Une employée de MSF tient dans ses bras un enfant souffrant de grande malnutrition, à l’hôpital MSF de Lashkar Gah (Afghanistan), le 7 novembre 2021. WILLIAM DANIELS POUR « LE MONDE »

En ce début du mois de novembre, presque trois mois après la chute de Kaboul aux mains des talibans, de nombreuses villes afghanes, à l’instar de Lashkar Gah, portent encore les cicatrices de la guerre. Cette capitale de la province du Helmand (sud) a été, pendant de longues années, au centre des combats entre les nouveaux maîtres du pays et l’armée de l’ancien régime.

Dans cette ville, de nombreuses vitres brisées n’ont toujours pas été remplacées.

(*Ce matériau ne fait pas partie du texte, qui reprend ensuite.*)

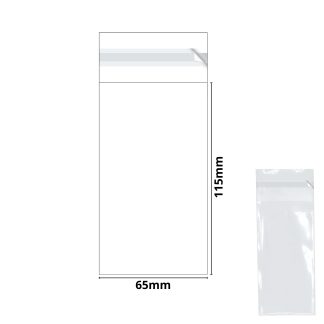 Tissue Bag - 65mm x 115mm + 30mm Self Seal Flap - Cellophane Display Bags 30 Micron - Small Cello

Murs, anciens checkpoints, grandes statues placées au centre des principales places de la ville sont encore criblés de balles. Dans l’hôpital Boost, soutenu par l’ONG française Médecins sans frontières (MSF), certaines pièces portent toujours les stigmates des combats. En août, à cause des hostilités, l’infirmière afghane Habiba a été bloquée dans l’hôpital, jusqu’à ce que Lashkar Gah tombe aux mains des talibans. « A chaque fois que les combats devenaient intenses, on descendait dans le sous-sol. Depuis, la guerre est finie, mais nous avons peur, parce qu’avec les talibans, être femme pose problème, même s’ils disent que nous, les femmes, pouvons toujours travailler dans le secteur de la santé », explique cette jeune infirmière portant un foulard vert.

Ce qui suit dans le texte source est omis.